Questa impostazione rende VLC una soluzione versatile per chi utilizza il computer per ascoltare musica o guardare filmati. L’obiettivo della versione 1.1 è mantenere questa flessibilità, estendendo il numero di tecnologie supportate e intervenendo su formati destinati anche alla distribuzione dei contenuti via Internet.
VLC 1.1 aggiunge il supporto ai sottotitoli Blu-ray
Tra gli aggiornamenti dedicati al comparto video sono presenti nuovi codec per la gestione dei sottotitoli Blu-ray. Si tratta di un’aggiunta importante per la riproduzione di contenuti ad alta definizione che utilizzano sistemi di sottotitolazione specifici, perché consente al lettore di interpretare correttamente queste informazioni insieme al filmato principale.
Il supporto ai sottotitoli completa quindi la riproduzione video non soltanto dal punto di vista dell’immagine, ma anche da quello degli elementi testuali associati al contenuto. Per l’utente, il vantaggio consiste nella possibilità di affidarsi a un unico programma per gestire un numero maggiore di risorse multimediali, senza dover ricorrere a strumenti separati per la visualizzazione dei sottotitoli.
WebM entra nel lettore con decodifica e codifica
Un’altra novità centrale di VLC 1.1 è l’integrazione del formato WebM. Il supporto riguarda sia il decoding, cioè la riproduzione dei file WebM, sia l’encoding, che permette di creare contenuti in questo formato. Non si tratta quindi soltanto di aggiungere un nuovo tipo di filmato tra quelli leggibili, ma anche di rendere VLC utile in scenari in cui è necessario produrre o convertire video compatibili con WebM.
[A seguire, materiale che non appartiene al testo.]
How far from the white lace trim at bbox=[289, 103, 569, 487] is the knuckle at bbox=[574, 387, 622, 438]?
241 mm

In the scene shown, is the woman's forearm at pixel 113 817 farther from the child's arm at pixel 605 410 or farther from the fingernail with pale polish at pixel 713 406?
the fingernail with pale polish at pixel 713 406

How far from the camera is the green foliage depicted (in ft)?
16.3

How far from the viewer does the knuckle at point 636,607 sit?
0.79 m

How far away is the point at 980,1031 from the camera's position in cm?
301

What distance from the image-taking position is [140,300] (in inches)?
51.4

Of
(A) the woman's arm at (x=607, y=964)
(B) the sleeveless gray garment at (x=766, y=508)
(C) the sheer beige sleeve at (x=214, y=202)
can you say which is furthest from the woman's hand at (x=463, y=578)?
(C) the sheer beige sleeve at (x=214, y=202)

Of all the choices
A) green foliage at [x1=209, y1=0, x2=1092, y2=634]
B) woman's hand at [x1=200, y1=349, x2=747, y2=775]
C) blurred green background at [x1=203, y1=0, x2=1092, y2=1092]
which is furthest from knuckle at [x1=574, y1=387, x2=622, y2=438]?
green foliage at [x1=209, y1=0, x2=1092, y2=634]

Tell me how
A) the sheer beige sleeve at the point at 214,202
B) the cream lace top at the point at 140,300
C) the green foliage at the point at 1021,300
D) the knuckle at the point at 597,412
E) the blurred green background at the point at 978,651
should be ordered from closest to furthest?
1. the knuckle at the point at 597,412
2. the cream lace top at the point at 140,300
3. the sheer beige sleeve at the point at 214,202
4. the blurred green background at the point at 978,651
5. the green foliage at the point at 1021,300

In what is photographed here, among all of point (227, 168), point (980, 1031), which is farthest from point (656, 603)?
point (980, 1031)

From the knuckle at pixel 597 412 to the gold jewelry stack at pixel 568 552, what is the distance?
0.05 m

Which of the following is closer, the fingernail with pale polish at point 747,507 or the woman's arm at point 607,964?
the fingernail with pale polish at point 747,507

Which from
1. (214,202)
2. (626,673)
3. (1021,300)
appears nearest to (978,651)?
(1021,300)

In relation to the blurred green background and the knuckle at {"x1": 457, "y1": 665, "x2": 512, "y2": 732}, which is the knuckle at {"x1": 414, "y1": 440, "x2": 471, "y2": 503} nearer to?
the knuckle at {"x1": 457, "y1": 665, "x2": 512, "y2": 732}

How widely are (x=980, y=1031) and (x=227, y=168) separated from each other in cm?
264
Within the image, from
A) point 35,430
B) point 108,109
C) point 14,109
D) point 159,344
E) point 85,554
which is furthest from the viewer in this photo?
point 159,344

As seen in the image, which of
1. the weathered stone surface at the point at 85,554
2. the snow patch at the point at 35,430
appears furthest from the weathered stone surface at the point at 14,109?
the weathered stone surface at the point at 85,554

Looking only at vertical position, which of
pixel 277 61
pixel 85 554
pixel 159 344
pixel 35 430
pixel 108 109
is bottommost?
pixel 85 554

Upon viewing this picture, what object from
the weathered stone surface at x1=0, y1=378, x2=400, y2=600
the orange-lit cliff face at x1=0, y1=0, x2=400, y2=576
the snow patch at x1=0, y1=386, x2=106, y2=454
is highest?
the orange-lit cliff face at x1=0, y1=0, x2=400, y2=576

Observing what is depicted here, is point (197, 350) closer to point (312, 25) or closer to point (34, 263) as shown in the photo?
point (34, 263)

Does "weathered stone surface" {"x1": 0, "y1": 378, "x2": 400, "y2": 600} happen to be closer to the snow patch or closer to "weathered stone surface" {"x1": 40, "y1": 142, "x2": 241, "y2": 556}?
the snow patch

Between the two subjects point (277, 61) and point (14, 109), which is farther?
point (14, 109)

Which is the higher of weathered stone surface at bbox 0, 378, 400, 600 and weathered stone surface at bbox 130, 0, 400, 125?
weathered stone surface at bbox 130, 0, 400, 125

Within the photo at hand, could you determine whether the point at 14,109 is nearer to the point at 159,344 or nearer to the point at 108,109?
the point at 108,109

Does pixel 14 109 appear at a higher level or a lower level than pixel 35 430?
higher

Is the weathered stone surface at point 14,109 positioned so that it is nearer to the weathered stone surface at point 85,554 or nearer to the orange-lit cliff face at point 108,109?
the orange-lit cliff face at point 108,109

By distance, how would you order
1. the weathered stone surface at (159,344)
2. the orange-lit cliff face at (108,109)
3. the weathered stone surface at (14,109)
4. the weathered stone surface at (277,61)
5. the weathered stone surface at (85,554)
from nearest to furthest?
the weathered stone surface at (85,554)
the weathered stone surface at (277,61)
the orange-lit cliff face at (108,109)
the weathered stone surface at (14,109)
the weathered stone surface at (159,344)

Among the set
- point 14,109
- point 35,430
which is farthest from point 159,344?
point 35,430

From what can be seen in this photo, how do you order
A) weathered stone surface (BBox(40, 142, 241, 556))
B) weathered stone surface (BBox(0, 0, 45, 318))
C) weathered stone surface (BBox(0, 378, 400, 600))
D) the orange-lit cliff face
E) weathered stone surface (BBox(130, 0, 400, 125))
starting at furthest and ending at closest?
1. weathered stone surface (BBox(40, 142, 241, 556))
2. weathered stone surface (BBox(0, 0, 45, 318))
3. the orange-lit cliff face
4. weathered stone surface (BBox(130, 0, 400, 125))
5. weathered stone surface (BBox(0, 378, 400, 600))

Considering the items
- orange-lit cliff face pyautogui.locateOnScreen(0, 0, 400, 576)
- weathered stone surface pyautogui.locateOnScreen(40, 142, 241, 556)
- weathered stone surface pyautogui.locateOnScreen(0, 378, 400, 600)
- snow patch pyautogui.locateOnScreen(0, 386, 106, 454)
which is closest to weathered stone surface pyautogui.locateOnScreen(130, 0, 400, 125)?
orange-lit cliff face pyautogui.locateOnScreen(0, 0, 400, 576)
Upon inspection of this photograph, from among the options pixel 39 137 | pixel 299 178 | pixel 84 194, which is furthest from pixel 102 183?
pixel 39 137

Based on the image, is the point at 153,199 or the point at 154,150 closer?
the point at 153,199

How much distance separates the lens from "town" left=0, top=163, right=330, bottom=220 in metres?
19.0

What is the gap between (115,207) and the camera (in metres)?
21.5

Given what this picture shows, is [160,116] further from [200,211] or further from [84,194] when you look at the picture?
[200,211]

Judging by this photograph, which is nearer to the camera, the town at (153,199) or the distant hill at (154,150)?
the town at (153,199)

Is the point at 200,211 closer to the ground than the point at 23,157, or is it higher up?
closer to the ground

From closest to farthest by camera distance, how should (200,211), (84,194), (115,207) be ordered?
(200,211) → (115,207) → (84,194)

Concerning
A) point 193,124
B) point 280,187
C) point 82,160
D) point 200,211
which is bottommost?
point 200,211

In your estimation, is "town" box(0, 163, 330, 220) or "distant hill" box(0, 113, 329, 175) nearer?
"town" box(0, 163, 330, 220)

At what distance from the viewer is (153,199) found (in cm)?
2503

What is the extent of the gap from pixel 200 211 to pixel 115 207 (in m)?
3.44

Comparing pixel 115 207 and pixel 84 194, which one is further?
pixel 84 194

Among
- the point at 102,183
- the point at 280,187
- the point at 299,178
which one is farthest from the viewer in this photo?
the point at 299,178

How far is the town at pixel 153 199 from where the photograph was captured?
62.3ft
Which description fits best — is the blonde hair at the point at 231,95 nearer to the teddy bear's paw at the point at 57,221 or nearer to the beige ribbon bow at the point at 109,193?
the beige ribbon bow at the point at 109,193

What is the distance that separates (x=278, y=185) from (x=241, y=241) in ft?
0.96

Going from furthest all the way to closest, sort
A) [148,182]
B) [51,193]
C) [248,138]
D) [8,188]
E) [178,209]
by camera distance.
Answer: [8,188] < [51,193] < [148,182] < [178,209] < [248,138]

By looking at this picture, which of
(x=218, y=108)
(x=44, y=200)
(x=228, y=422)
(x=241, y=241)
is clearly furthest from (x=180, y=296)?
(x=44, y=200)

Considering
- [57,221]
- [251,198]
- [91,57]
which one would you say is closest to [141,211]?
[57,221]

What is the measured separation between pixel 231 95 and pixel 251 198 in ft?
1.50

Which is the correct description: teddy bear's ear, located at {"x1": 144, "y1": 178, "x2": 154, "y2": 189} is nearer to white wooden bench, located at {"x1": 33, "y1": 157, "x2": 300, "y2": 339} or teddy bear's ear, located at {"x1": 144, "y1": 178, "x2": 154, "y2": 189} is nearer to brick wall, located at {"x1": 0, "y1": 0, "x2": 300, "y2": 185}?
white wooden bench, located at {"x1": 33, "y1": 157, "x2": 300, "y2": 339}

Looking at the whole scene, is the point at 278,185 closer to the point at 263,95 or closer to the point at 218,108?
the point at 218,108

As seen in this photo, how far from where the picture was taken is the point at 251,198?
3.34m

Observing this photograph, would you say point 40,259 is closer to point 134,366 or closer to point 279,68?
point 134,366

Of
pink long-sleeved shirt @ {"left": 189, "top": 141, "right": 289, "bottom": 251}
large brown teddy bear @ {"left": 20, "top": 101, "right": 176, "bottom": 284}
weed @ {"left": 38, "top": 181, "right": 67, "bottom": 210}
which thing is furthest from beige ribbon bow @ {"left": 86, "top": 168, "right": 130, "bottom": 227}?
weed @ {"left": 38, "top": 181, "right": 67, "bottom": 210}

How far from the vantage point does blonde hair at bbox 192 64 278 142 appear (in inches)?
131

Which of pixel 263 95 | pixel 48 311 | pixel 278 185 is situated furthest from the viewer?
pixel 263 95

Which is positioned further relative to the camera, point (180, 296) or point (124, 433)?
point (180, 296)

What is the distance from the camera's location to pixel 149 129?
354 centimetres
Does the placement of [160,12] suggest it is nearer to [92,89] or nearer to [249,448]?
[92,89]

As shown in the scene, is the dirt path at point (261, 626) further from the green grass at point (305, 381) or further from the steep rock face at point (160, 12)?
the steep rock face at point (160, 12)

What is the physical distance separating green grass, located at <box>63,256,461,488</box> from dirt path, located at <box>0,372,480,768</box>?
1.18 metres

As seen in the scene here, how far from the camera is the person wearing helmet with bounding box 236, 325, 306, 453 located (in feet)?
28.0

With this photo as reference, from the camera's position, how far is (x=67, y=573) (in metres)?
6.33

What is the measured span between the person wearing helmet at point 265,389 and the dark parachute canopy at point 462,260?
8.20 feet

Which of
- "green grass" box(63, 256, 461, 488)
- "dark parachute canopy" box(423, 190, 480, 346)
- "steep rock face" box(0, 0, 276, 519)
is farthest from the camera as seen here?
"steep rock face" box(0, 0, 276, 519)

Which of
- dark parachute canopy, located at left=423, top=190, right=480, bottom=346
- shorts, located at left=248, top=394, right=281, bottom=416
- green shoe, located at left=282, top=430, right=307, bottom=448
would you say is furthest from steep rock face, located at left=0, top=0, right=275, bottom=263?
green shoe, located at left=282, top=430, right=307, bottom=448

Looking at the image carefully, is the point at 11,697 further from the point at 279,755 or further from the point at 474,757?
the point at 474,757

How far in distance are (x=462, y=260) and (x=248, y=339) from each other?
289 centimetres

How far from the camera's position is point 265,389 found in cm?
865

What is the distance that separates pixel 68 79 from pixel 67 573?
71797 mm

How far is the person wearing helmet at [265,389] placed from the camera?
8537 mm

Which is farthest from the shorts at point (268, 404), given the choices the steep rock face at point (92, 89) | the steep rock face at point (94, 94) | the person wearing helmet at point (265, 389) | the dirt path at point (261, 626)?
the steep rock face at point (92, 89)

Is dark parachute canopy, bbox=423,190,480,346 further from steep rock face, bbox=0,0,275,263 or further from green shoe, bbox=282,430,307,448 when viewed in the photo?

La presenza di WebM viene indicata come un aggiornamento particolarmente interessante per lo streaming online. Un lettore capace di gestire il formato in entrambe le direzioni può infatti risultare utile tanto a chi deve guardare contenuti distribuiti via Internet quanto a chi lavora sulla loro preparazione. La versione 1.1 amplia così il ruolo di VLC, che non viene presentato soltanto come un riproduttore, ma anche come uno strumento in grado di intervenire nella gestione dei file multimediali.
Nuovi formati e playlist per la gestione dell’audio
Gli sviluppatori hanno dedicato attenzione anche alla riproduzione musicale. La novità più visibile è l’introduzione delle playlist integrate nell’interfaccia Qt4, che permette di organizzare più brani direttamente all’interno dell’ambiente grafico del programma. L’integrazione rende più semplice passare dalla riproduzione di un singolo file alla gestione di una sequenza di contenuti audio.
VLC 1.1 amplia inoltre il supporto a diversi formati e configurazioni audio: AMR-NB, MPEG-4 ALS, Vorbis 6.1 e 7.1, FLAC 6.1 e 7.1 e WMAS. Le indicazioni relative ai canali 6.1 e 7.1 riguardano configurazioni audio multicanale, quindi pensate per sistemi capaci di distribuire il suono su più diffusori. Il supporto a queste modalità permette di gestire con maggiore completezza contenuti destinati a configurazioni audio più articolate rispetto al semplice ascolto stereo.
Nel complesso, l’aggiornamento consolida la vocazione multipiattaforma e orientata alla compatibilità di VLC. La versione 1.1 riunisce miglioramenti per i sottotitoli Blu-ray, il supporto completo a WebM e una gestione audio più ricca, intervenendo su esigenze differenti ma accomunate dalla necessità di riprodurre contenuti senza dipendere da numerosi programmi aggiuntivi.